··· Dataset excerpts ···

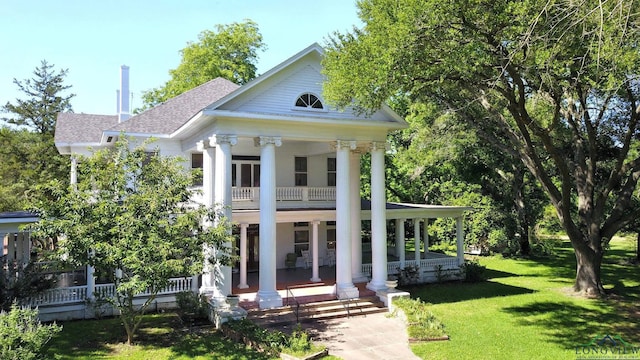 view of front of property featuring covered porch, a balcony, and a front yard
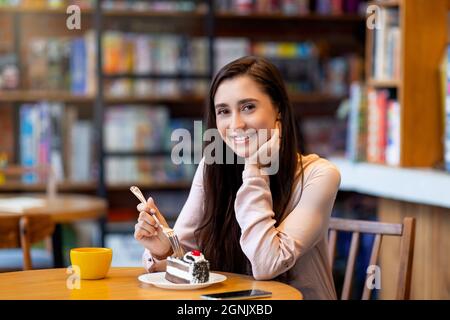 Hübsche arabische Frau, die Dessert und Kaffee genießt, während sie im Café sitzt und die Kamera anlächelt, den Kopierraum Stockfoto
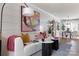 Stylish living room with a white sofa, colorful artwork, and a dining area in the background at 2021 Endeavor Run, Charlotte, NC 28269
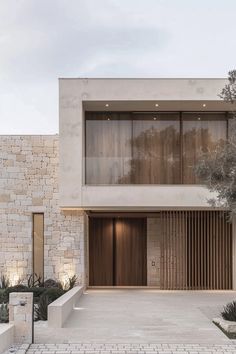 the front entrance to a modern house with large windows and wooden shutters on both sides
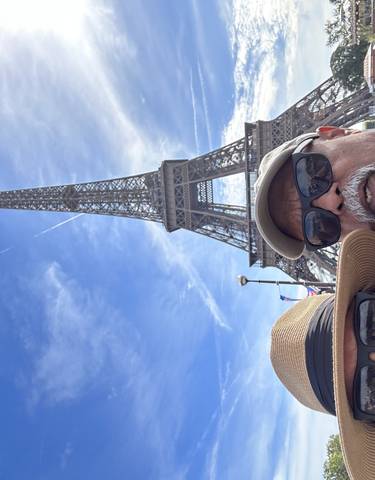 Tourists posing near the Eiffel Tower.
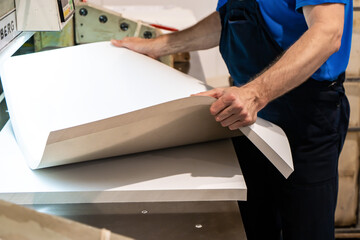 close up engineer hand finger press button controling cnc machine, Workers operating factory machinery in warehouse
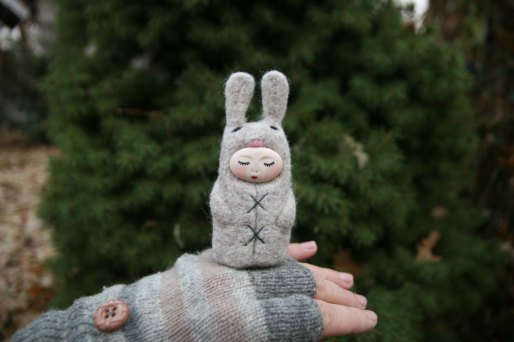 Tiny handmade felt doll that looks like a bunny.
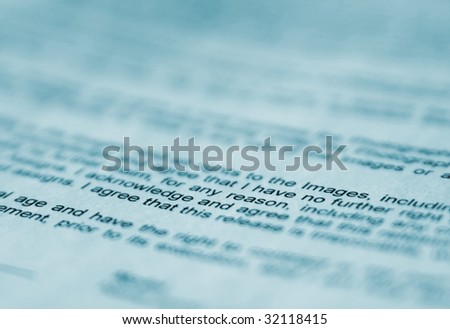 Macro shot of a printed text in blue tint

···

• The problem:
Reproduce the whole listing above character for character; pictures do not belong in it.

• Output:
 view of front of property featuring covered porch, a balcony, and a front yard
 Hübsche arabische Frau, die Dessert und Kaffee genießt, während sie im Café sitzt und die Kamera anlächelt, den Kopierraum Stockfoto
 Stylish living room with a white sofa, colorful artwork, and a dining area in the background at 2021 Endeavor Run, Charlotte, NC 28269
 the front entrance to a modern house with large windows and wooden shutters on both sides
 Tourists posing near the Eiffel Tower.
 close up engineer hand finger press button controling cnc machine, Workers operating factory machinery in warehouse
 Tiny handmade felt doll that looks like a bunny.
 Macro shot of a printed text in blue tint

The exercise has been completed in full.